### Initial setup

In [149]:
import os

print("Current Working Directory:", os.getcwd())
os.chdir('/Users/cecilia/Documents/GitHub/2024-winter-compostable')

Current Working Directory: /Users/cecilia/Documents/GitHub/2024-winter-compostable


In [164]:
import pandas as pd 

# load the data for sheet 2 and 3 (masterfile.csv has a cleaned and merged version of them)
masterfile = pd.read_csv('data/CASP004-01/masterfile.csv')

# load the data for sheet 1 
facility = pd.read_excel('data/CASP004-01/raw/CASP004-01 - Results Pre-Processed for Analysis from PDF Tables.xlsx', sheet_name=0)


In [165]:
# lowercase all column names in masterfile
masterfile.columns = [col.lower() for col in masterfile.columns]

# rename the facility_ID to match with facility table
masterfile.rename(columns={'org_id': 'facility_id'}, inplace=True)

### Write into csv files

**1. Format facility**

- primary key: `facility_id`
- connect with observation table through `facility_id`
- connect with all other tables through observation table

In [152]:
# only keep the first 19 columns because others are repetitive in the obervation table
facility = facility.iloc[:, :20]

# clean colnames for facility
def clean_column_names(column):
    column = column.lower()  
    column = column.replace(' ', '_') 
    column = column.replace('/', '_per_') 
    column = column.replace(':', '_to_') 
    for char in ['(', ')', '*', '-', '&', '?']:
        column = column.replace(char, '') 
    return column

facility.columns = [clean_column_names(col) for col in facility.columns]

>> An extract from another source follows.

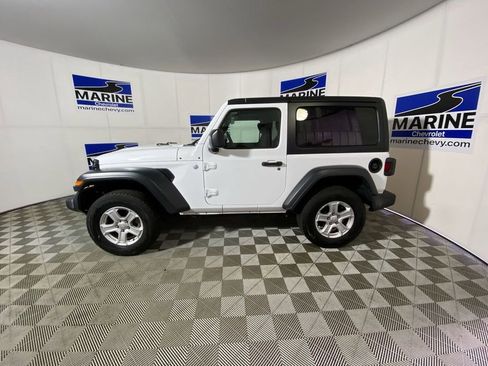 Used 2020 Jeep Wrangler Sport AWD/4WD image 10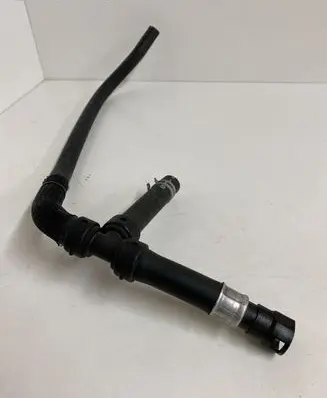Ford Mustang VI Engine coolant pipe/hose FR338K289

facility.rename(columns={'how_ofen': 'temp_checked_frequency', 
                         'how_often.1': 'moisture_checked_frequency'}, 
                         inplace=True)

# reorder cols to make facility_id appears first
columns = facility.columns.tolist() 
columns = [columns[1], columns[0]] + columns[2:] 
facility = facility[columns]

facility.head()

Unnamed: 0,facility_id,facility_name,facility_type,volume_per_year,volume_per_year_unit,calculated_volume_per_year_range,min_pfrp_duration_days,max_pfrp_duration_days,min_active_composting,max_active_composting,min_curing,max_curing,comments_on_process__duration,how_is_temp_checked,how_often,moisture,moisture_checked_frequency,c_to_n,maturity,moisture_control
0,44547,CASP004-01,,90000,tons,,22,30,22,30,30,40,Covered Aerated Static Pile (CASP) with positi...,Instrumentation,"Daily during PFRP, weekly thereafter",Sprinkling,"Entering CASP, or between CASP and curing",Lab,Lab,Squeeze test


In [159]:
facility.to_csv('data/CASP004-01/processed/facility.csv', index=False)

**2. Format trial**

- primary key: `trial_id`
- connect with facility table through `facility_id`
- connect with observation table through `trial_id`
- connect with all other tables through observation table

In [166]:
trial_columns_to_keep = ['trial_id', 'facility_id', 'trial_stage', 'temp_f', 'weather', 'moisture_%', 
                        'bulk_density', 'ph', 'c_to_n_ratio', 'maturity', 'trial_notes']

trial = masterfile[trial_columns_to_keep]

# remove duplicates according to trail stages (only keep one row for start, one row for intervel and one row for end)
trial = trial.drop_duplicates(subset='trial_stage')

trial.head()


Unnamed: 0,trial_id,facility_id,trial_stage,temp_f,weather,moisture_%,bulk_density,ph,c_to_n_ratio,maturity,trial_notes
0,44547-01-21,44547.0,Start,65-80,Windy,51.0,754 lbs/CY (manual) \n0.29 g/cc (lab),4.85,34.0,0.0,Moisture assessed via oven drying. Lab feedsto...
6,44547-01-21,44547.0,Interval,65-80,Windy,51.0,754 lbs/CY (manual) \n0.29 g/cc (lab),4.85,34.0,0.0,Moisture assessed via oven drying. Lab feedsto...
12,44547-01-21,44547.0,End,65-80,Windy,51.0,754 lbs/CY (manual) \n0.29 g/cc (lab),4.85,34.0,0.0,Moisture assessed via oven drying. Lab feedsto...


In [162]:
trial.to_csv('data/CASP004-01/processed/trial.csv', index=False)

**3. Format bag**

- primary key: `bag_id`
- connect with facility table through trial table
- connect with trial table through `trial_id`
- connect with item table through observation table
- connect with observation table through `bag_id`

In [167]:
def modify_bag_id(df):
    # change the bag_id into trail_id_bag_id to make it unique across the data set
    # (There might be cases that for each trial, the bag_IDs are all A/B/C-X)
    df['bag_id'] = df.apply(lambda row: str(row['trial_id']) + '_' + str(row['bag_id']), axis=1)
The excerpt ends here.